「バーバリアン怪奇映画特殊音響効果製作所」を観る2018年05月09日 00:17

 「バーバリアン怪奇映画特殊音響効果製作所」を観る。

 イギリスからイタリアにスカウトされた音響エンジニア。担当する映画は、乗馬の話という触れ込みだったが、その実は魔女もののホラー映画。というより、どうやらスナッフ映画に近いような、グロ系ホラーらしい。

 というのも、製作中の映画はオープニングしか登場せず、ひたすら残酷シーンはアテレコやSEの制作場面で暗示されている。スタジオではスイカを叩き潰し、キャベツをナイフで突きまくりと、絵面は風変わりなキッチンなのだ。だが、その音がグロ映画を暗示させてしまう。なまじグロ映像を見せつけられるより、観客の頭の中にあるグロい殺戮シーンを引きずり出してしまうのだからタチが悪い。
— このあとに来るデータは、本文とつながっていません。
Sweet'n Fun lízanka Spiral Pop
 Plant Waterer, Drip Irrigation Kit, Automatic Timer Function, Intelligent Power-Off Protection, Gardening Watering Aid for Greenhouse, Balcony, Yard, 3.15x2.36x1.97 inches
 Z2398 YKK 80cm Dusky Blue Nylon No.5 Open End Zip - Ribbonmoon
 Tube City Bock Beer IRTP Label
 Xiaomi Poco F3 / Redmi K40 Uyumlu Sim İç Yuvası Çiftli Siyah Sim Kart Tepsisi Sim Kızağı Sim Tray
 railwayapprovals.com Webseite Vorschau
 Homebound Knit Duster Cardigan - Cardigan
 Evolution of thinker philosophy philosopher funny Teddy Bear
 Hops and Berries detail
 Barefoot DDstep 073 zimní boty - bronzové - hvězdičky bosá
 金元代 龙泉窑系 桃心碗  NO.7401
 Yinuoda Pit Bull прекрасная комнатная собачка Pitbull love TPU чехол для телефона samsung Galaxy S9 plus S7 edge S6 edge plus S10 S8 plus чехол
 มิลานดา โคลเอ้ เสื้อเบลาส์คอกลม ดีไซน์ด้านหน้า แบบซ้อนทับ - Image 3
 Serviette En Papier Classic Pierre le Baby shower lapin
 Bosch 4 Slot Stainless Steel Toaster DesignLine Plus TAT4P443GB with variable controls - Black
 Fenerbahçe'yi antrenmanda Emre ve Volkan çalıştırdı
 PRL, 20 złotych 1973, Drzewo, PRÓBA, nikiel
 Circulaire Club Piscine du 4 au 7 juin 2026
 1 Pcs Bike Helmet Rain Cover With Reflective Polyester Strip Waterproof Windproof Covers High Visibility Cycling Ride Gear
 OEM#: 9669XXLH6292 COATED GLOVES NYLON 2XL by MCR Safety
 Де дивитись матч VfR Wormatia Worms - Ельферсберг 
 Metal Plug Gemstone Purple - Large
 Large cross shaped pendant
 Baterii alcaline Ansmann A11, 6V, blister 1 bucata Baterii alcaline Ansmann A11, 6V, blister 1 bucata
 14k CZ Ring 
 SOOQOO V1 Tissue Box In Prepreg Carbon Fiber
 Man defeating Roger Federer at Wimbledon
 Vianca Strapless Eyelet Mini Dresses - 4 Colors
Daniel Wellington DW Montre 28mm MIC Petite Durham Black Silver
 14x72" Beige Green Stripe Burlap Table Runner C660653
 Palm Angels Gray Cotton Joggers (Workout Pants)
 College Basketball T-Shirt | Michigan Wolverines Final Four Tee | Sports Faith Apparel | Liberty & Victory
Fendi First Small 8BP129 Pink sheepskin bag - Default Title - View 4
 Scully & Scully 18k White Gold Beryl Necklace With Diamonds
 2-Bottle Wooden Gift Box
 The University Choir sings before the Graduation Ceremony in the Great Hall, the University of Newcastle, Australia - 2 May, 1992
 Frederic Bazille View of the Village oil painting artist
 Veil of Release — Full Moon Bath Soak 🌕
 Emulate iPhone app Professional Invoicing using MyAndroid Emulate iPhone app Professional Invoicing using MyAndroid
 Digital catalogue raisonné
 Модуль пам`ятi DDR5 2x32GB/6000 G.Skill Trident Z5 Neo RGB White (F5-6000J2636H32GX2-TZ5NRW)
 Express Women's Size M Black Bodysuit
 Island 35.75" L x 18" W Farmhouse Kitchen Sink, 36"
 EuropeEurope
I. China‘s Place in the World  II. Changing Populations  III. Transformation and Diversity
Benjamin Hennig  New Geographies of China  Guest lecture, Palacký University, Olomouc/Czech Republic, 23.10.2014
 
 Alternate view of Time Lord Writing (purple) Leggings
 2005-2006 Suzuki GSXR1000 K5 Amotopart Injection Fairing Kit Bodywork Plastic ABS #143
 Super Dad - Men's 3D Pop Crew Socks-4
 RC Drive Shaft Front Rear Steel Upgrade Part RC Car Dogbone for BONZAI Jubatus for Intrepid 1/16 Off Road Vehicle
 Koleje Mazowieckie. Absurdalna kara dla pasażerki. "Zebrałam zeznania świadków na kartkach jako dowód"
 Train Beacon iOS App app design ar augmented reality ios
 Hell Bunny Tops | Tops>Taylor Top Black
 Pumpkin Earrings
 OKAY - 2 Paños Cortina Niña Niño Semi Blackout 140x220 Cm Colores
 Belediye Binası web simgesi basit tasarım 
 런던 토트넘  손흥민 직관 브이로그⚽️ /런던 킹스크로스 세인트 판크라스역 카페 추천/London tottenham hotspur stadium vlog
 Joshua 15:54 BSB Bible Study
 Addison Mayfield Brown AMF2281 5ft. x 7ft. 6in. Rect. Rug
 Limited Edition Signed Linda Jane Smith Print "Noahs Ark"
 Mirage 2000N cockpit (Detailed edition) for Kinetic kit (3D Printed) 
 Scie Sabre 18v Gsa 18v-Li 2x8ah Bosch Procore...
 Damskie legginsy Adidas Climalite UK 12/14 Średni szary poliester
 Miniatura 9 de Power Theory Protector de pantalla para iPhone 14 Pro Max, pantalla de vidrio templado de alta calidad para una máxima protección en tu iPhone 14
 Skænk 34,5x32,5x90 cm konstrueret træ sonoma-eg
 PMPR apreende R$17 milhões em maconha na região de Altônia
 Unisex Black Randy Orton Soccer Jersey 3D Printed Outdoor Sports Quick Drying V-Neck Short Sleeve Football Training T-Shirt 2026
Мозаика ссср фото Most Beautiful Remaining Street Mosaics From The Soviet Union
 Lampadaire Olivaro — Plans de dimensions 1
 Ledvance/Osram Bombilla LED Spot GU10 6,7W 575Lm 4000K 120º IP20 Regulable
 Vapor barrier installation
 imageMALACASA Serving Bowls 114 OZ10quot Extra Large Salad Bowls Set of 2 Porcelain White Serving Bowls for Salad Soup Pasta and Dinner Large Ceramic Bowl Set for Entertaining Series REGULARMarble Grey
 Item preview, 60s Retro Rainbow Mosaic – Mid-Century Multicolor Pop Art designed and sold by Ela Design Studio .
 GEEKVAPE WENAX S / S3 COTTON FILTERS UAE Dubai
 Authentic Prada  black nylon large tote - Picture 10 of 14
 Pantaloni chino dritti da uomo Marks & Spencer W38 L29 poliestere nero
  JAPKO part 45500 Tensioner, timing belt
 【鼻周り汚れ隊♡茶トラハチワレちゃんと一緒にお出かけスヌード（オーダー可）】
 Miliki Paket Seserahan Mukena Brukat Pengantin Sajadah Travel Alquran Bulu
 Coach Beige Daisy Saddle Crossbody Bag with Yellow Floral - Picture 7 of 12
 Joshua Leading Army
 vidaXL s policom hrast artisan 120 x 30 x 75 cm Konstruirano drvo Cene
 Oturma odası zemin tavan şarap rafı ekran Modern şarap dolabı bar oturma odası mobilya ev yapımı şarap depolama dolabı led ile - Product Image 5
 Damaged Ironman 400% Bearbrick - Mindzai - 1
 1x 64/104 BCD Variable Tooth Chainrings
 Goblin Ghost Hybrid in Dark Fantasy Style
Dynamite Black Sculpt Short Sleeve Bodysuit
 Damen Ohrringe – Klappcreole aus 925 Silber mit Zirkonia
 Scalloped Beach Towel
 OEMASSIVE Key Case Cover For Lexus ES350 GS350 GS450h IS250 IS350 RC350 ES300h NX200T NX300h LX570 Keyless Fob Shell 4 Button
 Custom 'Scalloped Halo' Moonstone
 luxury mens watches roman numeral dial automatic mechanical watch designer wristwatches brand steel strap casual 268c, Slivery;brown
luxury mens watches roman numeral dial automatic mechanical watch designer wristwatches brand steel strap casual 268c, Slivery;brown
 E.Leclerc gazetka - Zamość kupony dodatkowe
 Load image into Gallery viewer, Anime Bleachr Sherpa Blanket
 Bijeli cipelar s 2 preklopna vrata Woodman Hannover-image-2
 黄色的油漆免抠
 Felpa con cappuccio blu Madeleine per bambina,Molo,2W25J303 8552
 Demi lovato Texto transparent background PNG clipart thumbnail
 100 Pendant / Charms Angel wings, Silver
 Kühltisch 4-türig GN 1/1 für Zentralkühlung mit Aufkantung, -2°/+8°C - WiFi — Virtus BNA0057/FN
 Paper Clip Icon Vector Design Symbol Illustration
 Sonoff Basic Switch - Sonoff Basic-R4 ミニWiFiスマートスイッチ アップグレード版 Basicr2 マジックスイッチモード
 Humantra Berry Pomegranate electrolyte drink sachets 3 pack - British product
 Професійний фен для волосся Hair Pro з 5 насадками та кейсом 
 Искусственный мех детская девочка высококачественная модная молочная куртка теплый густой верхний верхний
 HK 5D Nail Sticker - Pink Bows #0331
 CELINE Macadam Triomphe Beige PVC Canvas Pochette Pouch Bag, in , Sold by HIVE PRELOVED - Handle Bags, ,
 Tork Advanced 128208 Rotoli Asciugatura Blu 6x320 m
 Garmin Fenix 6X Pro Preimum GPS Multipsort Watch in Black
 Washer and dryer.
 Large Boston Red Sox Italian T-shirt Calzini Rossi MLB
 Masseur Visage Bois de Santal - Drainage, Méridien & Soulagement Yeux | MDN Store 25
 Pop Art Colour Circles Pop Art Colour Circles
 この映画スタッフもかなりグダグダらしく、プロデューサーは芸術をひけらかすばかりのただの暴君、監督は女優をものにすることばかりを考え、経理は仕事をまともにしようともせず、金払いも最低。おそらくは踏み倒す気まんまんという体たらく。こんな中で真面目なイギリス人レコーディング・エンジニアはしだいに心を蝕まれて…

 とまあ、絶対に一般受けはしない作品。終わりなき悪夢に引きずり込まれそうな作品なので、メンタルが疲労しているときにはパスするほうが無難。けっしてお茶の間で家族と観てはいけない。